These days, the dignified art of arms control verification is both lauded and lambasted in the conference rooms of UN Headquarters. Having spent a week in New York, I feel fairly ready to tell a tale of mild schizophrenia in States’ attitudes towards confidence-building through transparency and verification.

The CTBT and its verification regime has received much well deserved attention. The UK-Norway Initiative is frequently discussed in very favorable terms. The US decision to reveal its stockpile numbers was welcomed. However, the IAEA safeguards system seems to be treated quite roughly.

Some have insisted on increased transparency in the nuclear weapon states while at the same time resisted attempts to strengthen verification standards for the non-nuclear weapon states.

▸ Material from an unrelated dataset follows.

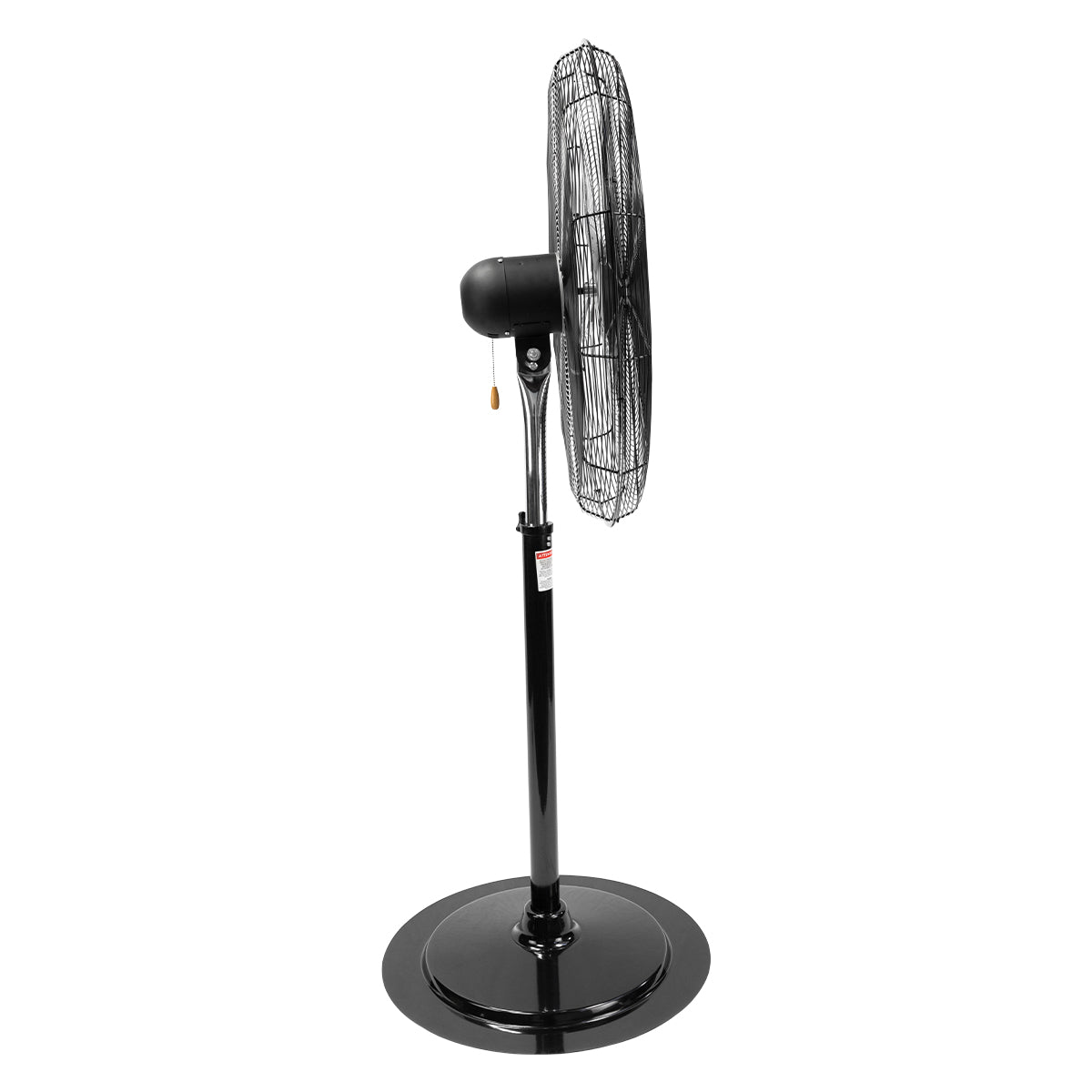 Left side profile of the HVPF 30 pedestal shop fan showing the pole and base assembly.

At stake is, of course, an attempt to make the additional protocol the contemporary safeguards standard. The chances of achieving this is slim. The half-dozen or so most important holdouts are hard cases from the global south, and include states such as Argentina, Brazil, Egypt, Iran and Syria (see the IAEA’s stylish map here).

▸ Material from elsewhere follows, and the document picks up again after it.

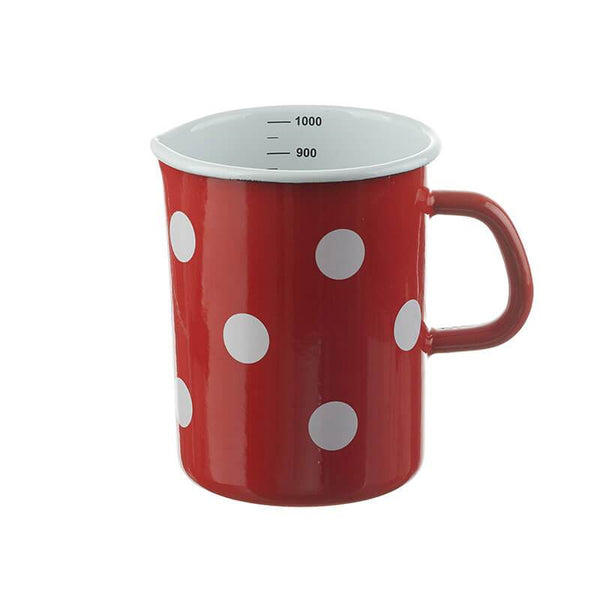 Measuring cup 1 liter. with scale, red/white, polka dots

Since 2005, 35 more nations have subscribed to the protocol. While progress has been made, it remains important for the conference still to view the protocol as the safeguards standard, and the ultimate goal should be to make it a prerequisite for the supply of nuclear fuel. Some want to go further. As my new staffer David Cliff wrote in Trust & Verify 128 back in March:

One argument is that Additional Protocols should not be voluntary anyway. The text of [the Additional Protocol] is silent on this, but as John Carlson—director of the Australian Safeguards and Non-Proliferation Office—has pointed out, non-nuclear-weapon states have agreed to accept the agency’s ‘safeguards system’, not specifically the measures set out in [a Comprehensive Safeguards Agreement] (which had not even been negotiated when the NPT came into force). As the contemporary safeguards standard, a joint [CSA] – [Additional Protocol] arrangement can thus be plausibly argued to represent the current embodiment of the ‘safeguards system’ referred to in the treaty.

It’s a subtle argument and, as such, it doesn’t get around the positions of many states in Middle East and South Asia that stubbornly refuses to grant the IAEA further inspection authority. One Middle Eastern diplomat I listened to explained that the protocol is a bargaining tool. Western powers could not expect his country to “strip naked and sit in Central Park begging richly dressed nuclear powers for political favors”. Other states in the region clearly just want to avoid close scrutiny of their nuclear affairs, most likely because they have something to hide.

It all leaves the nuclear nonproliferation regime in a rather unpalatable condition.

Perhaps this was on the mind of a western academic I talked to in New York. He held that the bargain of “semi-nuclear disarmament vis-a-vis semi-nuclear nonproliferation” cannot be upheld much longer. Timelines for disarmament should be discussed, no doubt, but only if similar timelines can be set for bringing the safeguards standard up to contemporary requirements. Similar ideas were also briefly raised by some senior Western officials I talked to.

We will know the outcome of the conference in two weeks. It’s making good progress, and the prospects for consensus is good. Whether the Additional Protocol forms part of that consensus, however, remains to be seen.